Birds face a unique challenge with respect to breathing: They fly. Flying consumes a great amount of energy; therefore, birds require a lot of oxygen to aid their metabolic processes. Birds have evolved a respiratory system that supplies them with the oxygen needed to enable flying. Similar to mammals, birds have lungs, which are organs specialized for gas exchange. Oxygenated air, taken in during inhalation, diffuses across the surface of the lungs into the bloodstream, and carbon dioxide diffuses from the blood into the lungs and expelled during exhalation. The details of breathing between birds and mammals differ substantially.
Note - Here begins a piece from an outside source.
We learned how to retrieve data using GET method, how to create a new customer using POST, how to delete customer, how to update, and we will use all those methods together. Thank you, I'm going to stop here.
In addition to lungs, birds have air sacs inside their body. Air flows in one direction from the posterior air sacs to the lungs and out of the anterior air sacs. The flow of air is in the opposite direction from blood flow, and gas exchange takes place much more efficiently. This type of breathing enables birds to obtain the requisite oxygen, even at higher altitudes where the oxygen concentration is low. This directionality of airflow requires two cycles of air intake and exhalation to completely get the air out of the lungs.

Birds: Breathing And Flight

Birds have evolved a respiratory system that enables them to fly. Flying is a high-energy process and requires a lot of oxygen. Furthermore, many birds fly in high altitudes where the concentration of oxygen in low. How did birds evolve a respiratory system that is so unique?
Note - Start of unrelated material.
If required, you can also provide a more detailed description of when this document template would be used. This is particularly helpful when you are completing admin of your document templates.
Decades of research by paleontologists have shown that birds evolved from therapods, meat-eating dinosaurs (Figure 2). In fact, fossil evidence shows that meat-eating dinosaurs that lived more than 100 million years ago had a similar flow-through respiratory system with lungs and air sacs. Archaeopteryxand Xiaotingia, for example, were flying dinosaurs and are believed to be early precursors of birds.
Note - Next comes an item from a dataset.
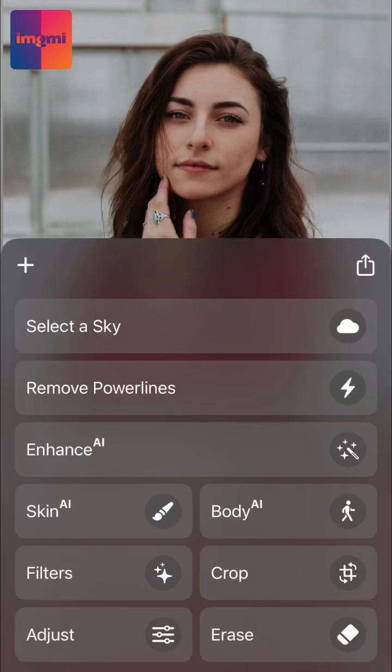The Skin AI tool in Image Me app by Skylum analyzes your image and can automatically enhance and retouch a person's skin.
Most of us consider that dinosaurs are extinct. However, modern birds are descendants of avian dinosaurs. The respiratory system of modern birds has been evolving for hundreds of millions of years.

The present scientific consensus is that birds are a group of maniraptoran theropod dinosaurs that originated during the Mesozoic Era. Birds and extinct non-avian dinosaurs share many unique skeletal traits. Moreover, fossils of more than thirty species of non-avian dinosaur with preserved feathers have been collected.
Figure 2. Dinosaurs, from which birds descended, have similar hollow bones and are believed to have had a similar respiratory system.

 

Mammalian Respiration

All mammals have lungs that are the main organs for breathing. Lung capacity has evolved to support the animal’s activities. During inhalation, the lungs expand with air, and oxygen diffuses across the lung’s surface and enters the bloodstream. During exhalation, the lungs expel air and lung volume decreases.